It is for that reason that I begin my reflections with a single syllable at the heart of Romans 3. Indeed, in this case it is a single letter in Greek, the letter e, eta. In 3.29–30 Paul writes e Ioudaion ho theos monon? ouchi kai ethnon? nai kai ethnon, eiper heis ho theos hos dikaiosei peritomen ek pisteos kai akrobustian dia tes pisteos. That opening single letter, e, translates into a single syllable in English, this time with two letters: Or is God the God of the Jews only? Is he not God of Gentiles also? Yes, of Gentiles also, since God is one, and will justify circumcision on the ground of faith and uncircumcision through faith. It would be interesting to study the various translations and commentaries and see what different traditions have done with that opening e, that connecting ‘or’. Sadly, Tyndale himself, followed by the King James version, omits it altogether. Several of the classic commentaries find it very puzzling. Paul has been talking about how sinners are justified by faith alone, apart from works of the law; why does he suddenly shift here to an apparently different topic, that of the equality before God of Jews and Gentiles? Some, indeed, have expounded the passage as though verses 29–30 did not exist, as though the paragraph stopped with verse 28. But Paul has written e; the Holy Spirit has inspired that single syllable, that single letter; and are we going to ignore it?

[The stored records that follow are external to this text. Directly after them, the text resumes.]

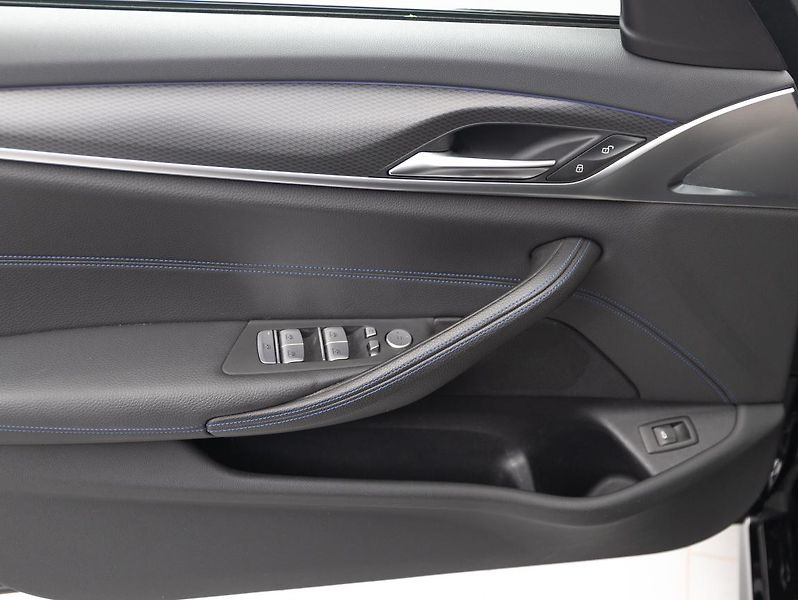 BMW Řada 5 520d xDrive - fotka 17 z 22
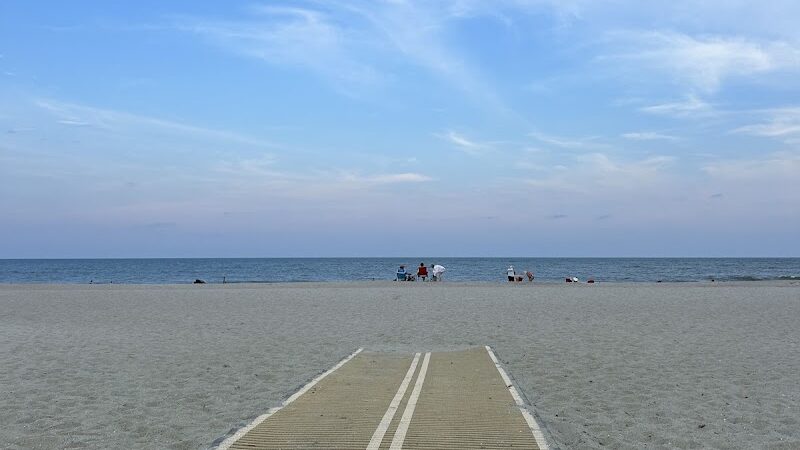 Pawley's Island parking lot South - Pawleys Island, SC
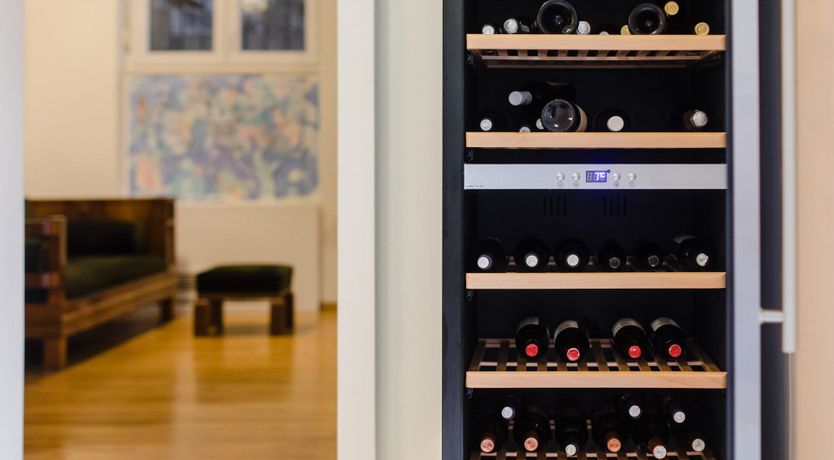 Photo of The Pearl Diver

The answer, of course, is that for Paul there is an intimate connection between God’s free justification of sinners through the death of Jesus and on the basis of faith, on the one hand, and God’s creation, on the other hand, of a new family composed of Jews and Gentiles alike. We can well understand that the Reformers themselves, faced with the urgent challenge of a deeply corrupt Roman Catholicism, rightly wanted to emphasize the first rather than the second. But in sharing their formal principle of sola scriptura we are bound to highlight what is there in the text, syllable by syllable, even if they did not. And for Paul that little e is a crucial, tell-tale indication of where his actual argument is going. Its point is simply this: that if God were to justify people on any other ground than faith, then he would after all be God of the Jews only, and not of Gentiles also. And unless we are prepared to think through why that is so, and to grasp the fact that this is where the whole paragraph is going – in other words, unless we see that Romans 3.21–31 as it stands, syllable by syllable, in the text of inspired scripture, is driving towards this point, which is then massively supported by the whole of chapter 4, and that this point is not a side-issue, an ‘extra implication’ of a gospel which is about something quite different – then the formal principle of all reformation-inspired theology has been sacrificed on the altar of our own traditions.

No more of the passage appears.